Spatial transcriptomics preserves tissue architecture and links gene expression to the native positional context of cells, enabling researchers to uncover functional regions, microenvironments, and interactions that are invisible to dissociated single-cell methods. The 10x Genomics Visium Spatial Gene Expression platform maps gene activity across intact tissue sections while maintaining spatial context, revealing how cells organise, interact, and function within healthy and diseased tissues.

The Visium CytAssist is a compact benchtop instrument that streamlines spatial profiling workflows and enables flexible sample management. It supports fresh tissue sections as well as pre-sectioned archival slides, including H&E- or immunofluorescence-stained FFPE samples. Researchers can pre-screen tissues using standard histology to select biologically relevant regions before spatial analysis. CytAssist automates precise probe transfer to capture slides in a controlled environment, ensuring accurate spatial barcode assignment and high-fidelity spatial gene expression data.
The Visium CytAssist facilitates the precise transfer of transcriptomic probes for FFPE or fresh frozen tissue samples. In this workflow, sectioning, tissue preparation, staining (H&E or immunofluorescence), and imaging are performed on standard glass slides. After probe hybridization, the standard slides and a Visium slide with two Capture Areas are positioned in the CytAssist instrument, aligning the tissue sections over the Capture Areas. The instrument captures a brightfield image to provide spatial orientation for data analysis, followed by hybridization of transcriptomic probes to the Visium slide.
After CytAssist processing, the standard Visium workflow continues:
This integrated workflow enables high-fidelity spatial gene expression mapping while preserving tissue architecture, allowing researchers to study cellular organisation and interactions within intact tissue sections.
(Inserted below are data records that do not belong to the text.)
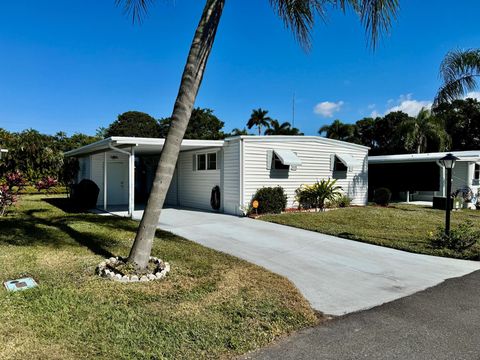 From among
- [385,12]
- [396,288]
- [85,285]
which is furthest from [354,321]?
[385,12]

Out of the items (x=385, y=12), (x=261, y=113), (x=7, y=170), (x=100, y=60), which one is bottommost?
(x=7, y=170)

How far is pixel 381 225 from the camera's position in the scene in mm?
10625

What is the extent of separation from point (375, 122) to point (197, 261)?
38.3 meters

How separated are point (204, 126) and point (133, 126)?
9.20 m

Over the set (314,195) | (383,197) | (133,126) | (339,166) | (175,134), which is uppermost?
(133,126)

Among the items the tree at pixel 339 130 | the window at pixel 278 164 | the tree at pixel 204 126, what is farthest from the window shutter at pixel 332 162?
the tree at pixel 204 126

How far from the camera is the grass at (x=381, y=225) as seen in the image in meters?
7.71

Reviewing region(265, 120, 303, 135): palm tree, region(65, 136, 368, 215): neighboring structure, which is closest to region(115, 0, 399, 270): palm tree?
region(65, 136, 368, 215): neighboring structure

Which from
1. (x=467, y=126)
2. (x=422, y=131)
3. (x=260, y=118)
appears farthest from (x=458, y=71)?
(x=260, y=118)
Visium HD Spatial Gene Expression slides contain two 6.5 x 6.5 mm Capture Areas with a continuous lawn of oligonucleotides arrayed in ~11 million 2 x 2 μm barcoded squares without gaps, achieving single cell–scale spatial resolution. The data is output at 2 μm, as well as multiple bin sizes. The 8 x 8 μm bin is the recommended starting point for visualization and analysis.



Nuclei-based cell segmentation leverages high-resolution H&E microscopy images to assign Visium HD barcodes to individual cell nuclei. Instead of aggregating barcodes into conventional fixed square bins, this approach segments nuclei from the microscopy image and groups the underlying barcodes corresponding to each nucleus, creating expanded cell bins that generate gene expression profiles at the single-cell level. By using actual nuclear boundaries, this method refines spatial gene expression data and improves biological interpretation compared with traditional square-binning approaches.


The Visium workflow transforms raw sequencing data into spatially resolved gene expression maps using Space Ranger, with QC and integration performed in tools like Seurat. Processed datasets can then be explored in Loupe Browser to visualise cell clusters, spot composition, differentially expressed genes, and annotated tissue regions — delivering actionable insights and publication-ready figures.